Google’s new partnership with live-streaming CrowdOptic gives surgeons in the operating room at Stanford University Medical School an innovative teaching tool to train medical students.

“The reaction (from doctors) has been that this changes the game,” said CrowdOptic co-founder and CEO Jon Fisher in a statement. He expects the technology will offer a real “paradigm shift” in surgical training.

Thanks to CrowdOptic’s software, surgeons can now offer real-time feedback to medical students who are wearing the Google Glass headset, according to published reports.

The companies said that this may be the first time that a medical student, not the instructor, is wearing the Google Glass to share visual information.

In the past, students viewed surgeries mostly from an overhead gallery that was separate from the operating room or from a camera that was placed directly above the operating table.

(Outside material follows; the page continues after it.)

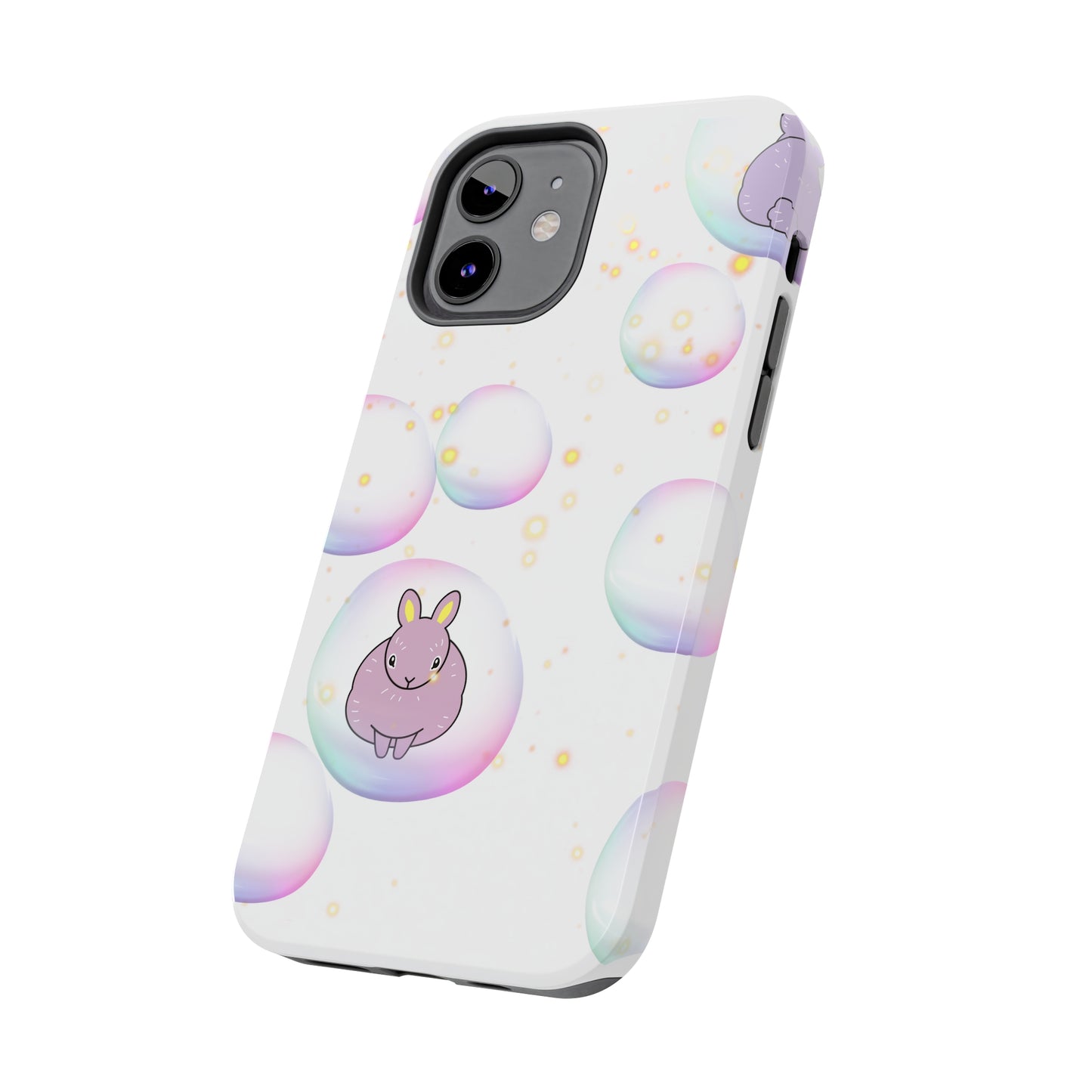 Easter Bunny Foo Foo Custom Printed iPhone case by TheGlassyLass.com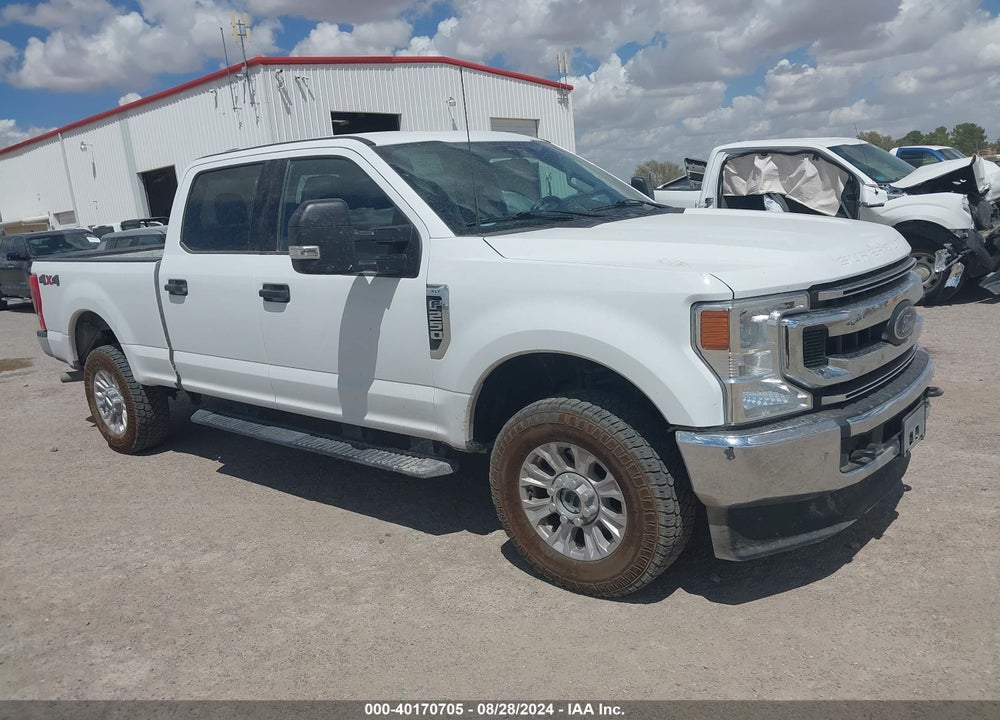 2022 FORD F-250 XLT VIN: 1FT7W2B62NEG35449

With Google Glass, a physician who is conducting surgery can broadcast the procedure outside of the operating room or to other doctors wearing Google Glass.

The ability to live-stream what is taking place in the operating room to other doctors who are wearing Google Glass will advance the learning process to a new level, CrowdOptic said.

“We can allow physicians and other healthcare professionals to share contextual data in a real-time and secure manner through Google Glass, allowing one physician to inherit the view of another physician in the same operating room, within the hospital or even in a more community-based setting,” said James Kovach, MD, vice president of business development at CrowdOptic.

Fisher noted that neither privacy nor compliance to the Health Insurance Portability and Accountability Act (HIPAA) is a problem because CrowdOptic has figured out how to “lock down” the data from the live stream.

CrowdOptic has its own licensed spectrum and thus doesn’t rely on a Wi-Fi partner. The data produced by the live stream is owned by Stanford, and CrowdOptic doesn’t have access to it.

In addition, CrowdOptic seals off other Glass apps when surgery is in progress to keep distractions to a minimum.

Fisher said he was told by surgeons-in-training and by doctors that “this makes teaching more seamless.”